Alors que l’économie mondiale cherche un second souffle entre crises climatiques et instabilités financières, un modèle semble non seulement tenir le choc, mais s’imposer comme une référence de performance : la coopérative.

Le bilan de mandature publié le 19 mars 2026 par la Confédération générale des Scop et des Scic est sans appel. Loin d’être un modèle de « niche » ou une utopie de temps de paix, l’économie coopérative affiche des indicateurs de santé supérieurs à l’économie conventionnelle.

Des chiffres qui défient la conjoncture

Le premier constat est celui de la croissance.

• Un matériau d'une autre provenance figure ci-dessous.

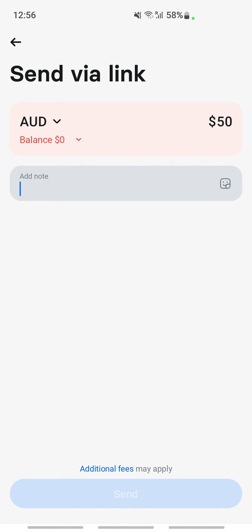I'm unable to create a link right now because I don't have sufficient balance on my account. But if you have sufficient balance, just type in the amount and hit Send, and that will generate the payment link.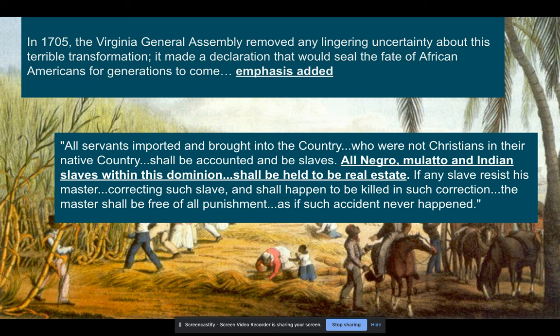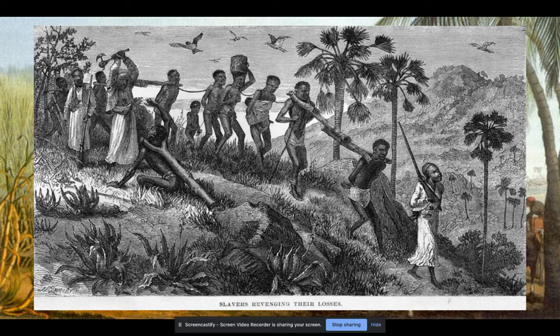More and more laws were passed to restrict Africans — that Negro, mulatto, and Indian slaves within the dominion shall be real estate and shall be property. You're seeing fewer and fewer indentures happening in the colonies. It wasn't overnight — this had been evolving before Bacon's Rebellion and continued after it — but you see a significant uptick in slavery and a decrease in indentured servitude after Bacon's Rebellion.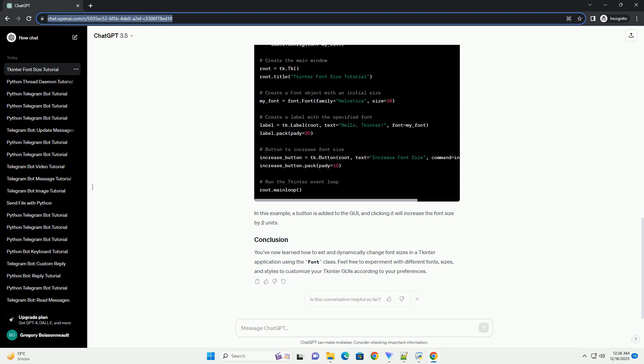The update_font_size method is called when the update font size button is pressed. It attempts to convert the entered font size to an integer and sets the label's font size accordingly. If the input is invalid, a ValueError is caught and an error message is displayed.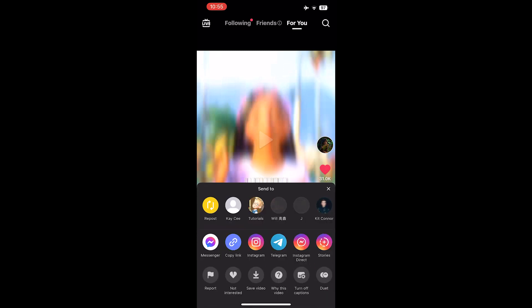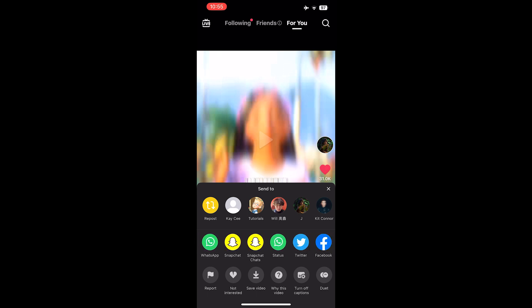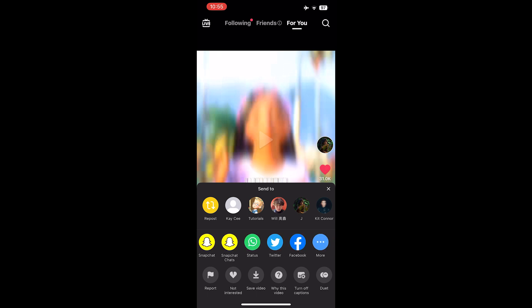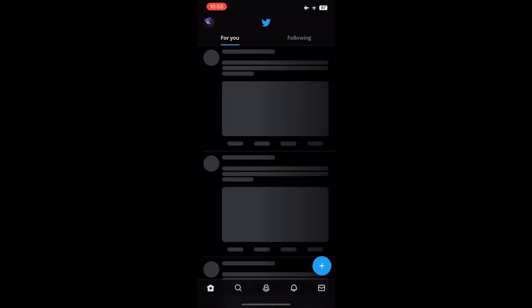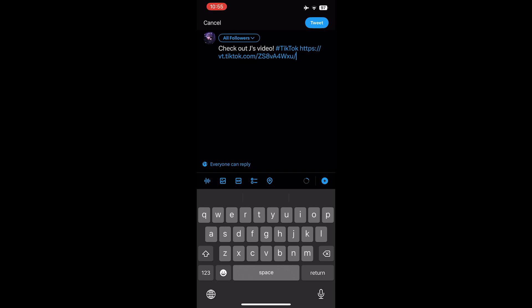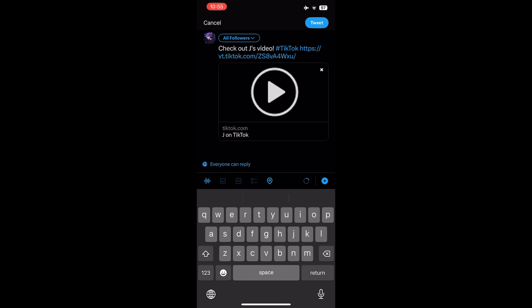Then press the share button and look for Twitter. It will redirect you to Twitter — wait for the link to load, then press tweet.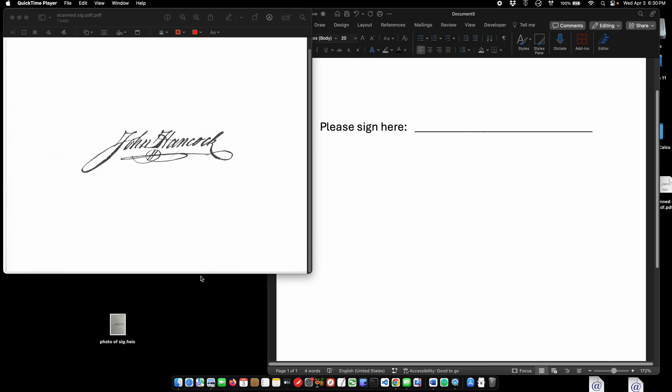In this video I want to show you two ways to get a signature into a Microsoft Word document and have the background be transparent and have it move with the text so it looks natural.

Entre 2022 et 2025, le paysage coopératif français a muté. On compte aujourd’hui 4 583 Scop et Scic, soit une progression de 7 % en quatre ans. Plus révélateur encore : le nombre de salariés dans ces structures a bondi de 12 %.

Mais la statistique la plus marquante concerne la résilience. Dans un contexte où la création d’entreprise est souvent précaire, les coopératives affichent un insolent taux de survie :

  • 79 % des coopératives sont toujours en activité après 5 ans.
  • À titre de comparaison, la moyenne nationale des entreprises classiques plafonne à 69 %.

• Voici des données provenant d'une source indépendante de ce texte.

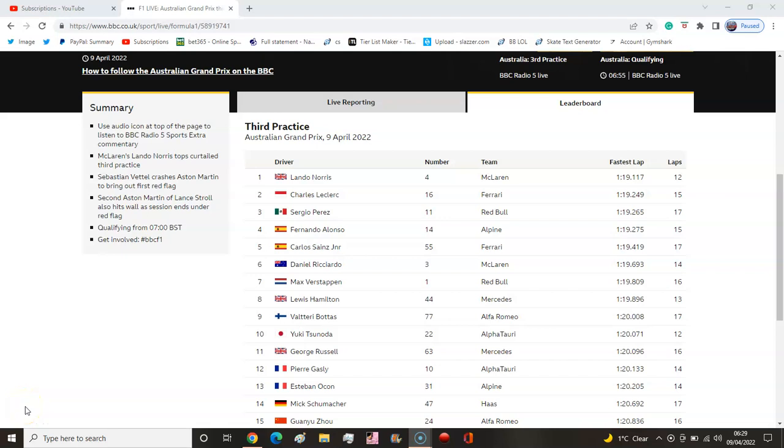Lando Norris on top here in Practice 3. It is half 6 in the morning, I've got work at 7, so it really doesn't matter about me because I won't be seeing qualifying. But what I did see was a bit of third practice, so here is your review. Lando Norris getting P1.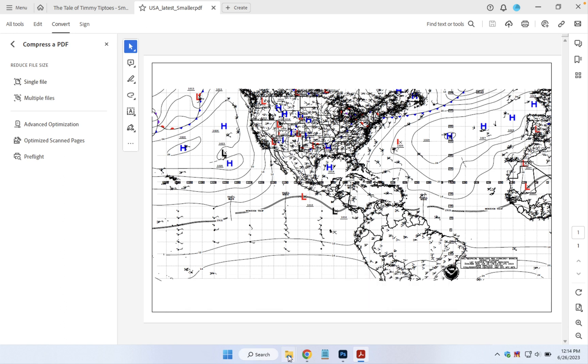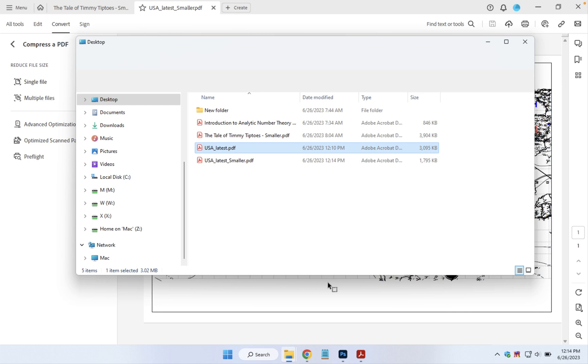We'll go down to our desktop again and we can see the original file at a little over three megabytes and the smaller one just under two.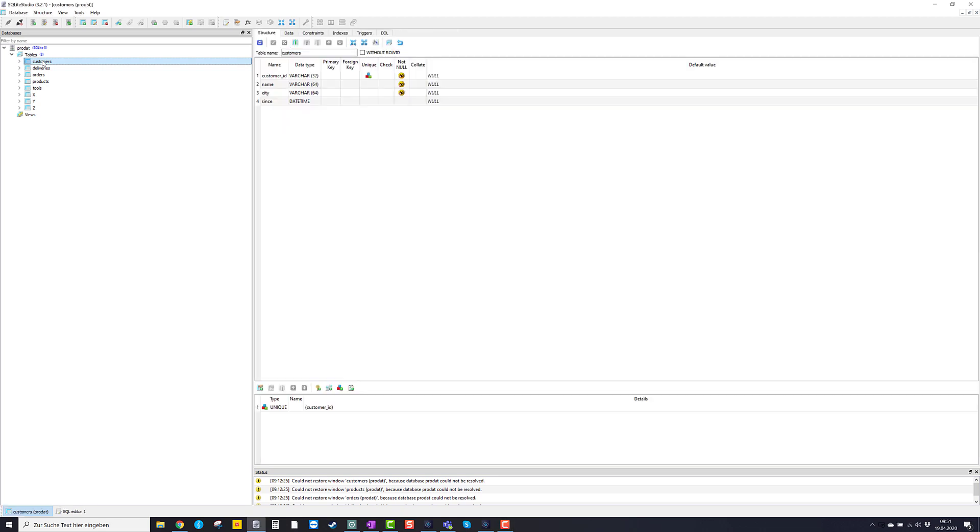Double click. And you see that here the structure of the table called customers is opened. Now what does that mean? It means that the table customers consists of four columns. The first column is called customer ID. And the second one is called name. The third one is city. And the fourth is since.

L’analyse : Pourquoi cet écart de 10 points ? Parce qu’en coopérative, le profit n’est pas une fin en soi mais un moyen au service de la pérennité de l’outil de travail et du maintien de l’emploi.

La démocratie : un levier de rétention des talents

En 2026, la « crise du sens » au travail n’est plus un sujet de débat, c’est une réalité comptable. Les entreprises peinent à recruter et à fidéliser. Le modèle coopératif apporte une réponse concrète par le partage du pouvoir et de la valeur.

Dans une Scop (Société coopérative et participative), les salariés sont associés majoritaires. Ils votent les grandes orientations et décident de la répartition des bénéfices. Cette implication directe crée un engagement que les programmes de « bien-être au travail » classiques peinent à égaler.

L’essor des Scic : Quand l’intérêt collectif devient un business model

L’autre grande tendance de ce rapport est l’explosion des Scic (Sociétés Coopératives d’Intérêt Collectif). Ce statut permet d’associer autour d’un même projet des salariés, des clients, des bénévoles et même des collectivités publiques.

C’est aujourd’hui le modèle privilégié pour la gestion des biens communs : régies d’énergies renouvelables locales, centres de santé communautaires ou plateformes logistiques de circuit court. La Scic prouve que l’on peut être rentable tout en étant d’utilité publique.